After spending a few years trying to heal physically, and spending some time in treatment, returning to her faith in God to become whole again, she got sober and started working a good job. This is around the time we met. We fell in love and were married soon after. But as we were getting accustomed to our new marriage, and blending a family, Elizabeth’s pain from her old spinal injury was getting worse. We went to a surgeon, who quickly told us that she had a 50% slip in her vertebrae. She had a Stage 3 slippage, and at a Stage 4 your spine falls off into your pelvis. So they performed the surgery on her spine, putting in 2 rods and 8 screws, and they created a new disc to put in. But they found that the nerve that comes out of that vertebrae, the same one that goes down the left leg, was severely damaged. Due to the extreme amount of slip, the nerve was coming out of the vertebrae at a 90 degree angle, and it had been rubbing against the arthritic bone shards, doing irreversible damage to the nerve, and they told us that she would probably live with constant nerve pain the rest of her life. Then, when she was sewn back up, the 14 inch incision she had on her spine became infected. She was hospitalized two more times for this, and was placed on a pic line, where she had to walk around with an IV bag on her 24 hours a day. Her body had a bad reaction to the amount of antibiotics, and she developed an allergy to them. Her skin turned as red as a lobster and blistered, and her face and hands were so swollen she couldnt even wear her glasses. She often fought fevers that were so bad that the bed would be dripping wet, her worst fever hit 104.9.
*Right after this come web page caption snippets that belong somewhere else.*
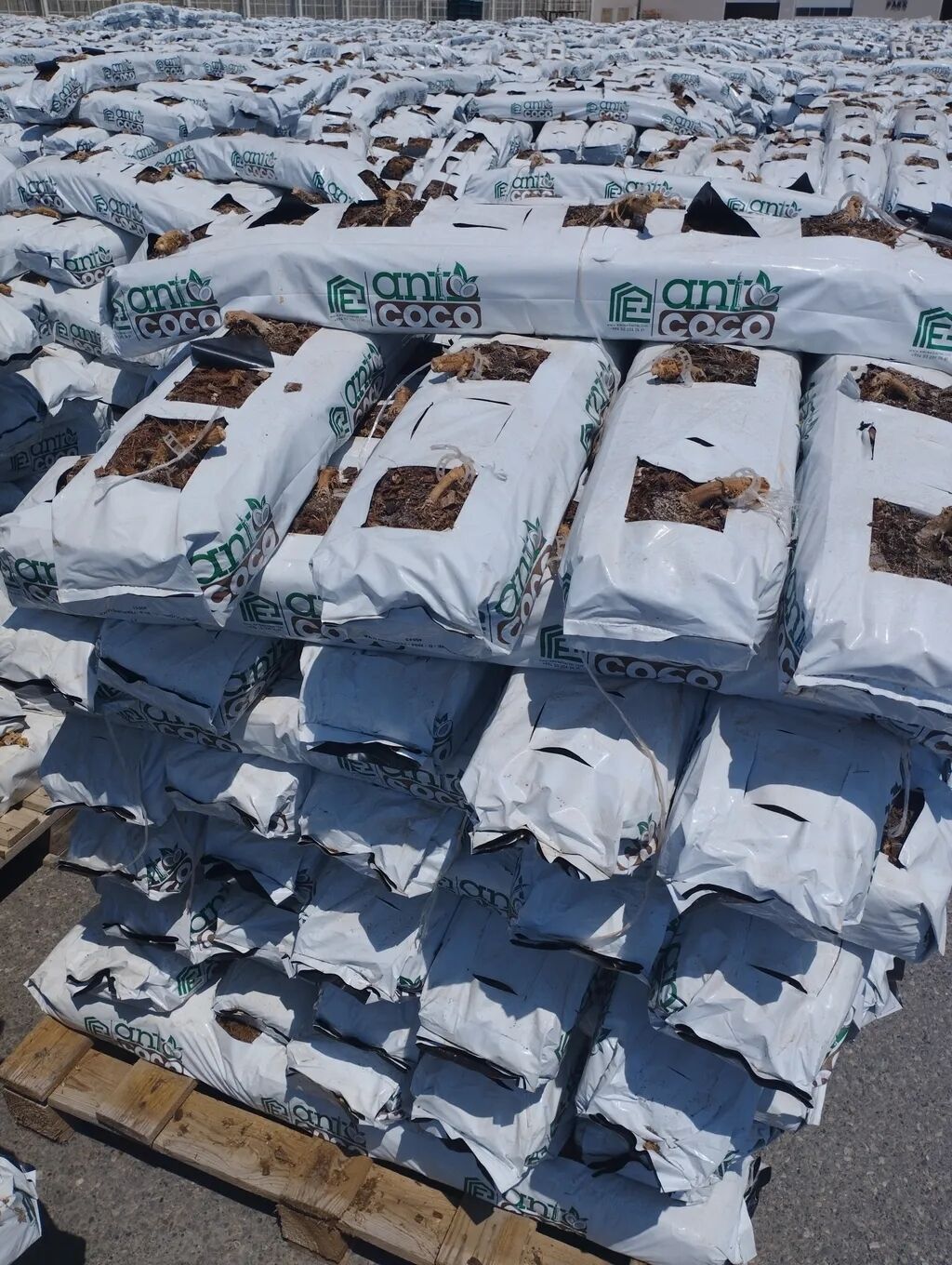 Bağ və parniklər üçün kakobit satılır. əlavə məlumat üçün zəng edin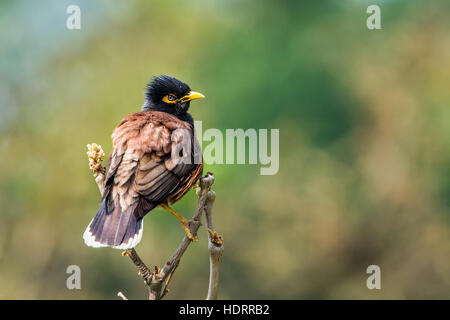 Gemeinsamen Mynah in Bardia Nationalpark, Nepal; Specie Acridotheres Tristis Familie von Spottdrosseln Stockfoto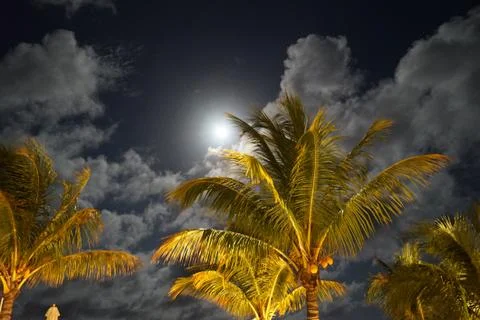 Palm trees at night Stock Photos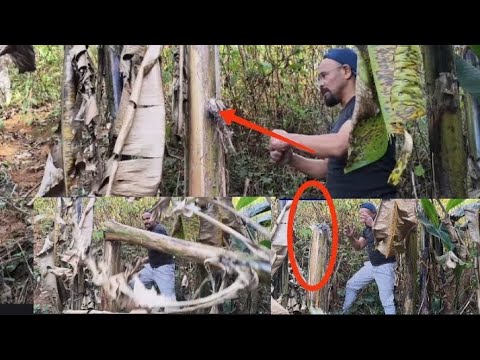 Leit leh kartay I Bah Arden Sha Poh Khlaw Jia Aiu Ha Dien To Ngin Ai Peit Ha Duh Ba kut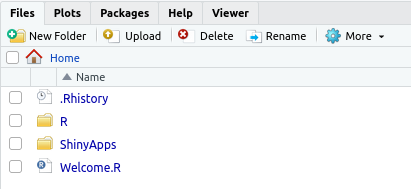 File explorer and Upload button on RStudio Server.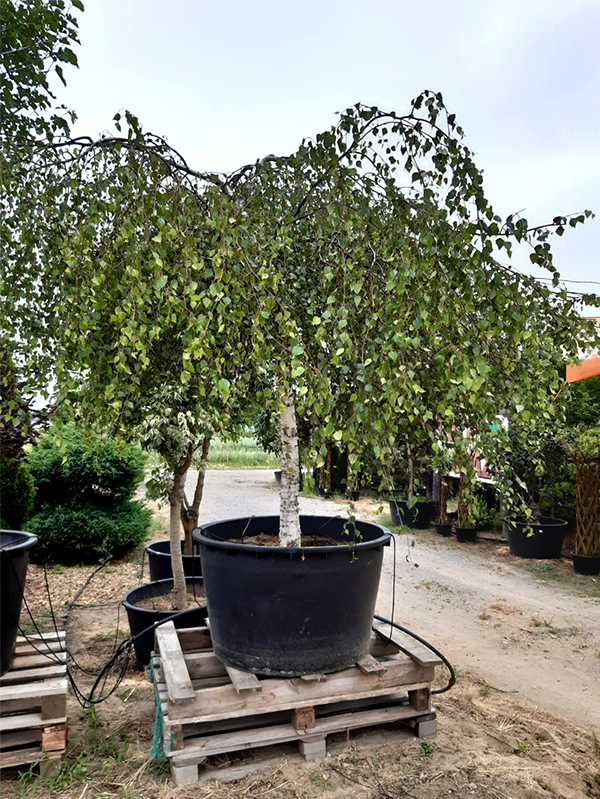 Wierzba Pendula
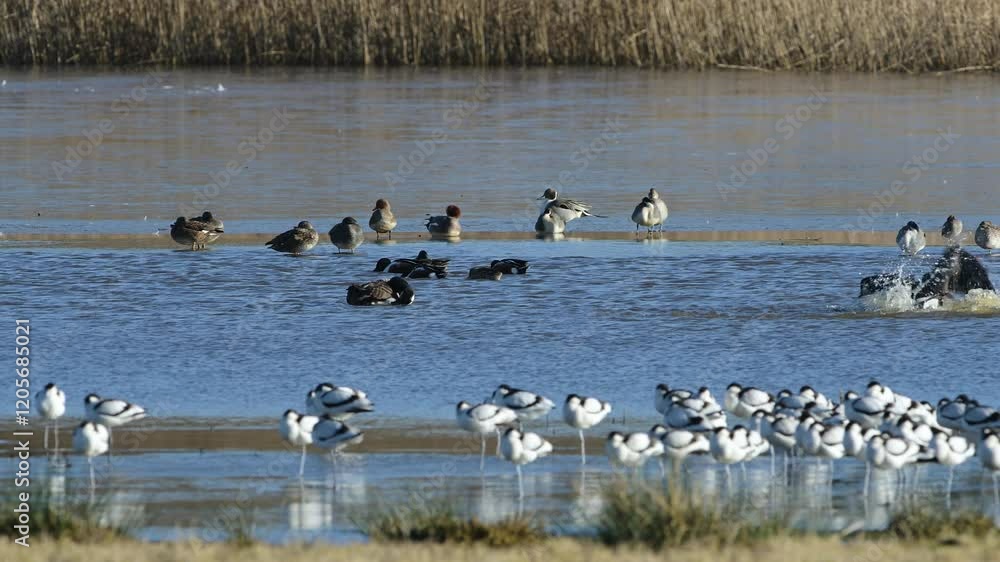 Canada Goose, Branta canadensis birds in flight over winter Marshes, Devon, England Canada Goose, Branta canadensis birds in flight over winter Marshes, Devon, England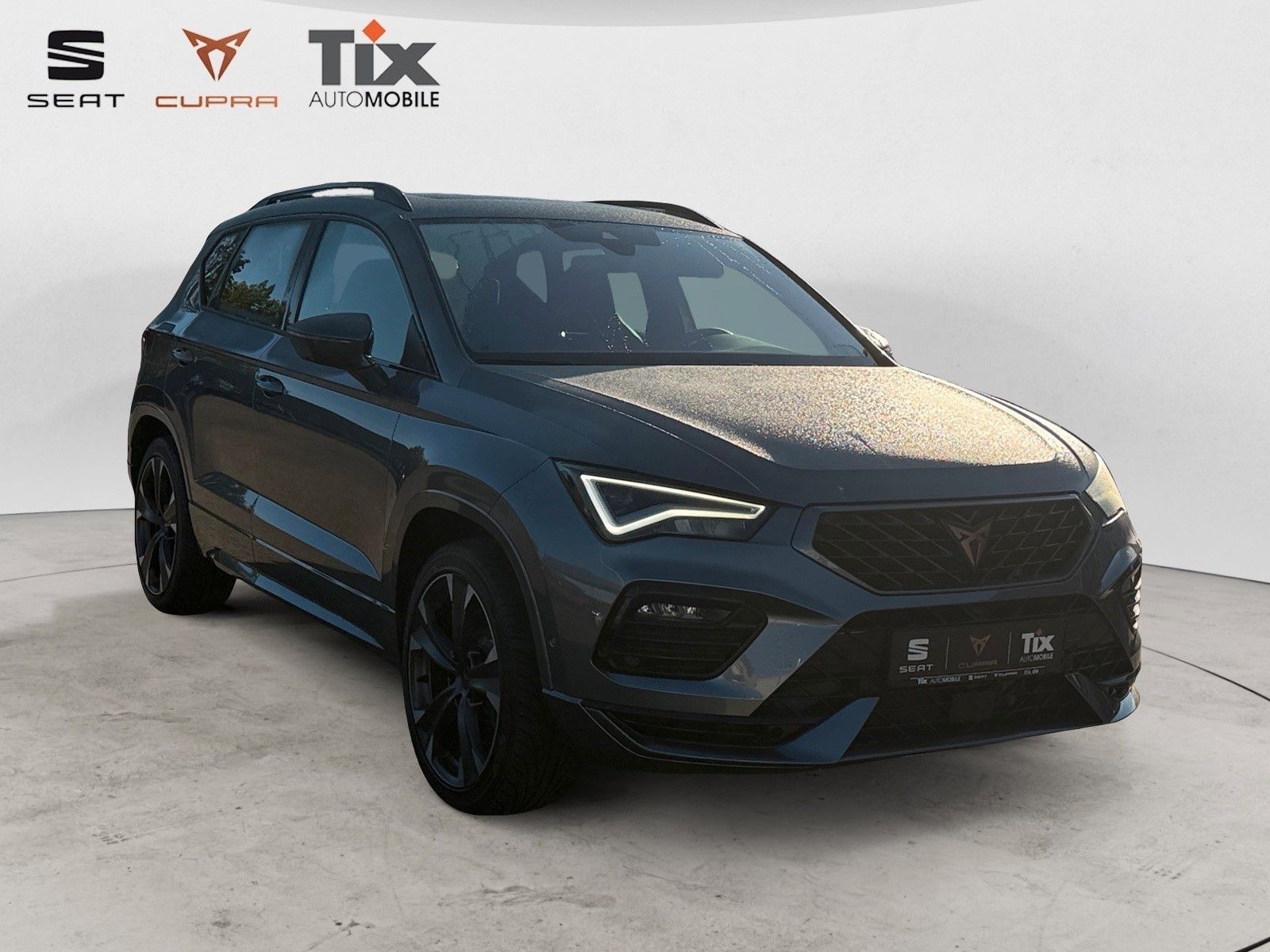 Fahrzeugabbildung CUPRA Ateca 2.0 TSI DSG 4Drive 1.HD/AHK/Pano/Beats
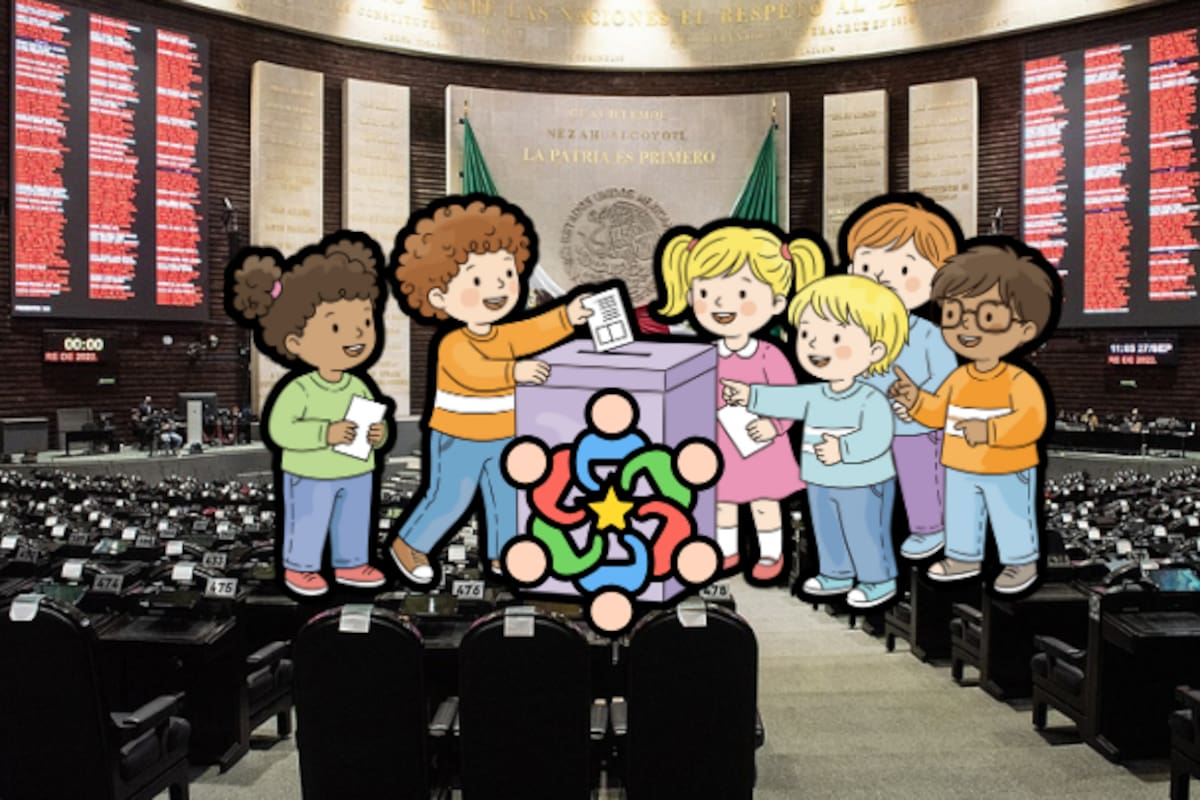 Propuesta en el Congreso: Buscan reformar la Ley de Educación para fortalecer contenidos obligatorios sobre derechos humanos, pensamiento crítico y ética pública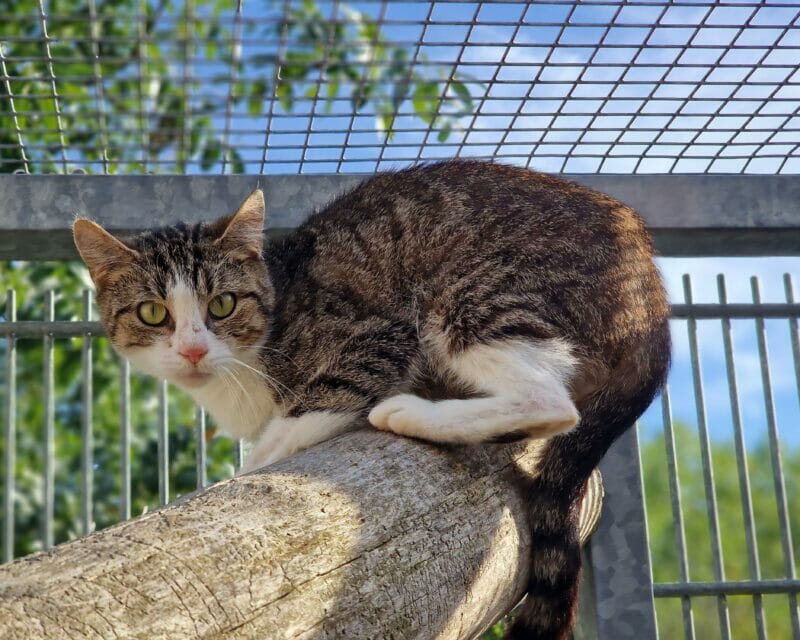 Hedda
She began to recover, and when things were looking better, she decided she wasn’t going to let this keep her down. Despite her back pain, she wanted to get back in touch with her athletic roots, so she decided to go play a game of indoor soccer. On that first game, she went up for a block, and came down on her left leg, breaking her tib/fib. Apparently, people could hear the break from the stands. This took a while to heal, and the break has seemed to agitate the nerve in her left leg which was already giving her daily pain. She had to get a plate and screws in her leg to put it back together.
I could go on about other things she has suffered, such as the fact that she developed tinnitus in her inner ear and had to have a cranial surgery to repair it, and now the other ear is developing the same problem. I wont go into all the other details, but suffice to say that she deals with daily nerve pain in her back and leg that is now spreading to her hands, face, and feet. The doctors say it may be fibromyalgia, but they are still running tests.
Through all of this, Elizabeth is the one who points out when I am being ungrateful. She keeps me positive when I start to complain about the stresses in life. Despite her pain, she purposely stays on the lowest amount of medication she can, so that she can still drive, go to work, and be the great active mom that she is. She pushes our children to be great and to work hard. She keeps order in our house. She is an example to me in keeping faith in Christ when all seems dark. And she is going back to school this year to get her Masters in Counseling so that she can help other women who have been through trauma and sexual abuse like she has. She is my hero, and she truly- never quits. Thanks so much for letting me share.